Today I found a interesting commit in Presto project.
What is approximate queries? Why do we use approximate queries?
The idea was originally developed in BlinkDB. According to the official website of BlinkDB, it’s called approximate query engine.
BlinkDB is a massively parallel, approximate query engine for running interactive SQL queries on large volumes of data. It allows users to trade-off query accuracy for response time
Distributed processing engine on huge data often show bad performance. It can caused by various reasons such as data size, multi tenancy and network issues. BlinkDB enables us to set constraint on SQL performance. We can do that SQL-style declarative queries. The sample is shown here.

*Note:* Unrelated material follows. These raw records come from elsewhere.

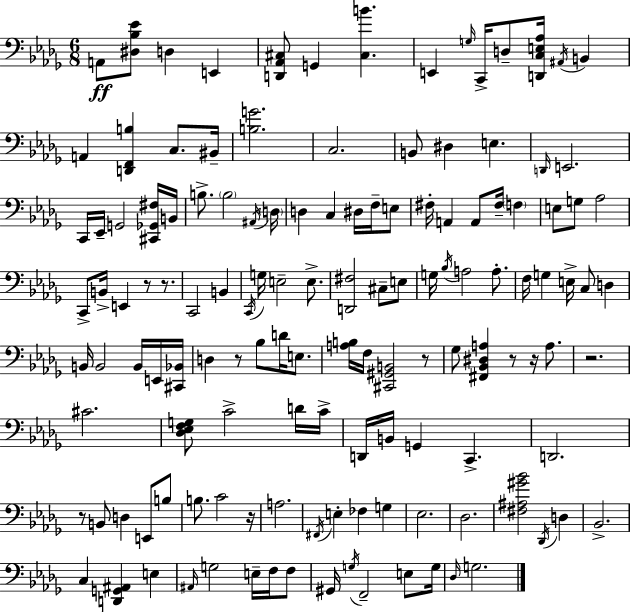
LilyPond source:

{
  \clef bass
  \numericTimeSignature
  \time 6/8
  \key bes \minor
  a,8\ff <dis bes ees'>8 d4 e,4 | <d, aes, cis>8 g,4 <cis b'>4. | e,4 \grace { g16 } c,16-> d8-- <d, c e aes>16 \acciaccatura { ais,16 } b,4 | a,4 <d, f, b>4 c8. | \break bis,16-- <b g'>2. | c2. | b,8 dis4 e4. | \grace { d,16 } e,2. | \break c,16 ees,16-- g,2 | <cis, ges, fis>16 b,16 b8.-> \parenthesize b2 | \acciaccatura { ais,16 } \parenthesize d16 d4 c4 | dis16 f16-- e8 fis16-. a,4 a,8 fis16-- | \break \parenthesize f4 e8 g8 aes2 | c,8-> b,16-> e,4 r8 | r8. c,2 | b,4 \acciaccatura { c,16 } g16 e2-- | \break e8.-> <d, fis>2 | cis8-- e8 g16 \acciaccatura { bes16 } a2 | a8.-. f16 g4 e16-> | c8 d4 b,16 b,2 | \break b,16 e,16 <cis, bes,>16 d4 r8 | bes8 d'16 e8. <a b>16 f16 <cis, gis, b,>2 | r8 ges8 <fis, bes, dis a>4 | r8 r16 a8. r2. | \break cis'2. | <des ees f g>8 c'2-> | d'16 c'16-> d,16 b,16 g,4 | c,4.-> d,2. | \break r8 b,8 d4 | e,8 b8 b8. c'2 | r16 a2. | \acciaccatura { fis,16 } e4-. fes4 | \break g4 ees2. | des2. | <fis ais gis' bes'>2 | \acciaccatura { des,16 } d4 bes,2.-> | \break c4 | <d, g, ais,>4 e4 \grace { ais,16 } g2 | e16-- f16 f8 gis,16 \acciaccatura { g16 } f,2-- | e8 g16 \grace { des16 } g2. | \break \bar "|."
} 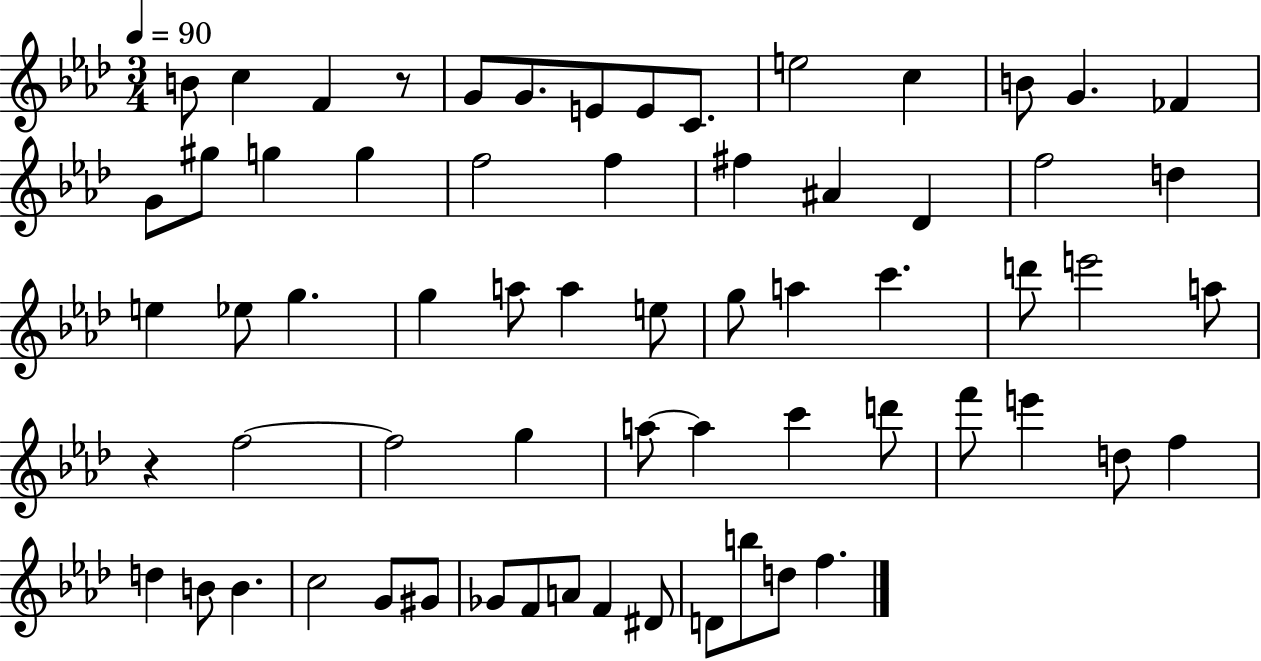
{
  \clef treble
  \numericTimeSignature
  \time 3/4
  \key aes \major
  \tempo 4 = 90
  \repeat volta 2 { b'8 c''4 f'4 r8 | g'8 g'8. e'8 e'8 c'8. | e''2 c''4 | b'8 g'4. fes'4 | \break g'8 gis''8 g''4 g''4 | f''2 f''4 | fis''4 ais'4 des'4 | f''2 d''4 | \break e''4 ees''8 g''4. | g''4 a''8 a''4 e''8 | g''8 a''4 c'''4. | d'''8 e'''2 a''8 | \break r4 f''2~~ | f''2 g''4 | a''8~~ a''4 c'''4 d'''8 | f'''8 e'''4 d''8 f''4 | \break d''4 b'8 b'4. | c''2 g'8 gis'8 | ges'8 f'8 a'8 f'4 dis'8 | d'8 b''8 d''8 f''4. | \break } \bar "|."
}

BlinkDB do sampling in order to satisfy constraint. Sampling is delegated to sampling module which solves combinational optimization problem. So sampling module can choose samples while minimizing the statistical bias.

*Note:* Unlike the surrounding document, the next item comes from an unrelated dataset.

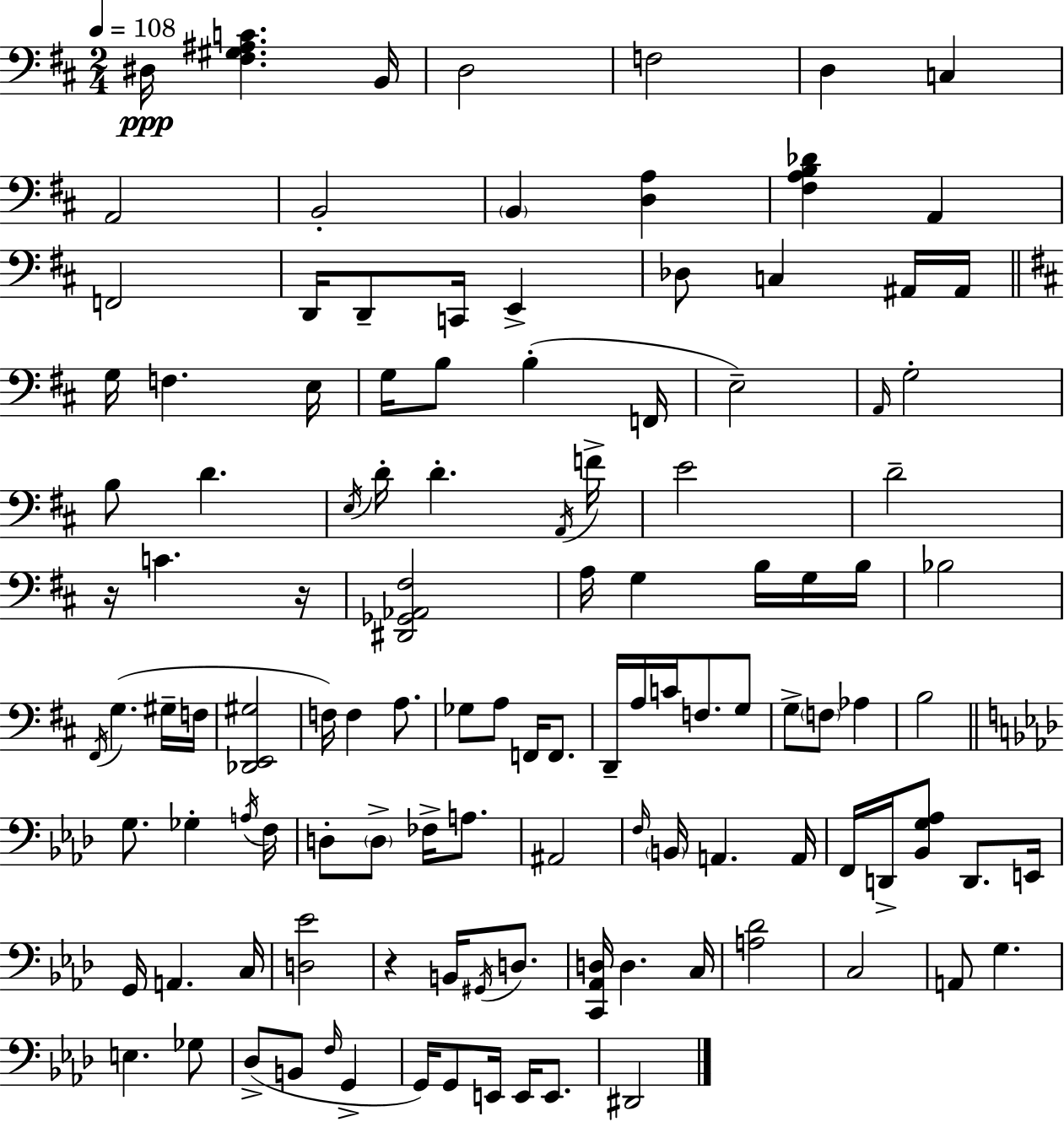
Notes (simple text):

After a job is submitted, BlinkDB create a profile with running a query on small samples at runtime. So it can choose best samples for satisfying constraint.
Finally it submit a job to actual distributed execution engine. One thing to note is that it can calculate approximate error of the result. So we can decide the result can be accepted or not in reasonable time.
This is interesting idea and product. On the evidence BlinkDB received best paper award in ACM EuroSys 2013.
Although Presto try this feature as experimental one, it removed as it is not used in production. Surely many users want to calculate accurate number rather than approximate one in reasonable time in my experience. So it might not fit in production or enterprise usage.
But it was a good chance for me to look into some research in database. Though I’m a software engineer in a field of database or distributed system, I’m not so familiar with the latest and cutting-edge research in the field. I’ll keep reading papers and catch up the knowledge we should know at least.